While daylight saving time affects everyone differently, Desai said babies, young children and the elderly tend to feel the effects most. For them, she offers these tips to ease the transition:

  • About three days before the time change, try moving your bedtime 15-20 minutes later. This gradual change, along with delaying your wake time 15-20 minutes, can help decrease the symptoms of fatigue and irritability.
  • Try dimming the lights for about an hour after you wake up in the morning.
  • Avoid electronics and screen time on computers, tablets and phones.
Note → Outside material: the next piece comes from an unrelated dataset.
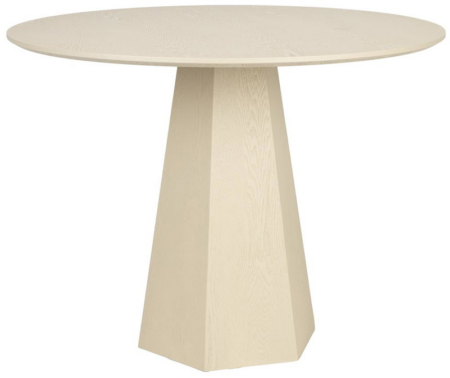 Spisebord Zuiver Pilar rund Ø100 x H76 cm perlemor askefiner & asketræ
This can keep your body’s clock in check so you feel ready to wake up in the morning and ready for bed at night.
  • Get plenty of sleep leading up to the time change to avoid health and safety risks.

Desai said it’s normal to feel a little bit tired for up to a week after a time change, but you should visit your doctor if fatigue persists.
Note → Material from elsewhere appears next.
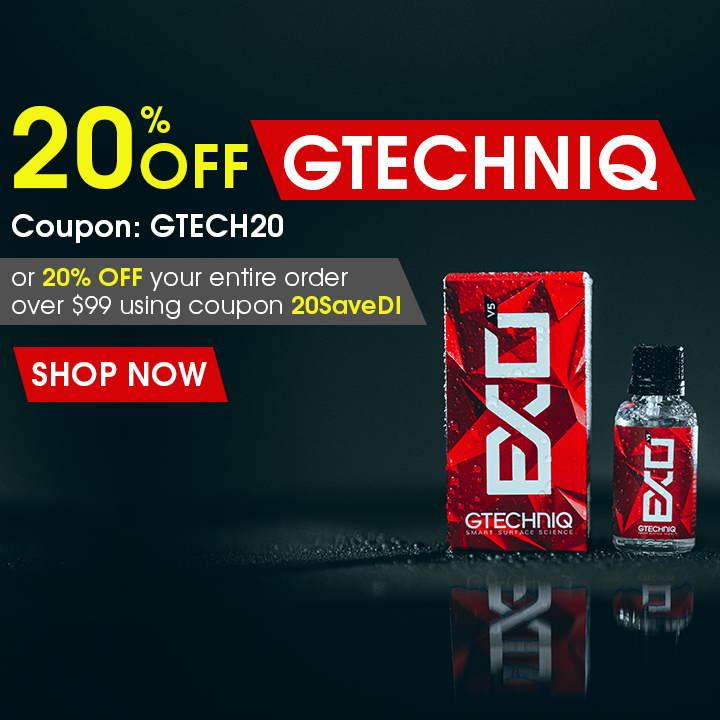 20% Off Gtechniq - Coupon GTECH20 or 20% off your entire order over $99 using coupon 20SaveDI - Shop Now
“If you’re having trouble falling asleep, staying asleep or not feeling rested in the morning, don’t ignore these signs,” she said. “Visit your doctor to make sure you’re not suffering from an underlying sleep disorder, metabolic disorder, depression or anxiety.”

Adults looking for a natural sleep solution may benefit from herbs. Tiodoso Bustillo, MAcOM, LAc, an acupuncturist on the medical staff at Baylor Scott & White Clinic – Austin North Burnet suggests taking melatonin or valerian root about two hours before bed.

“Kava herb is a great natural sleep remedy, and Chinese dates can help too because the sweetness helps calm the body,” Bustillo said.

Herbal medications, like all medications, should be taken under the consultation of your physician.

So, with these tips in mind, hopefully you can get a better night’s sleep going into the fall and winter season.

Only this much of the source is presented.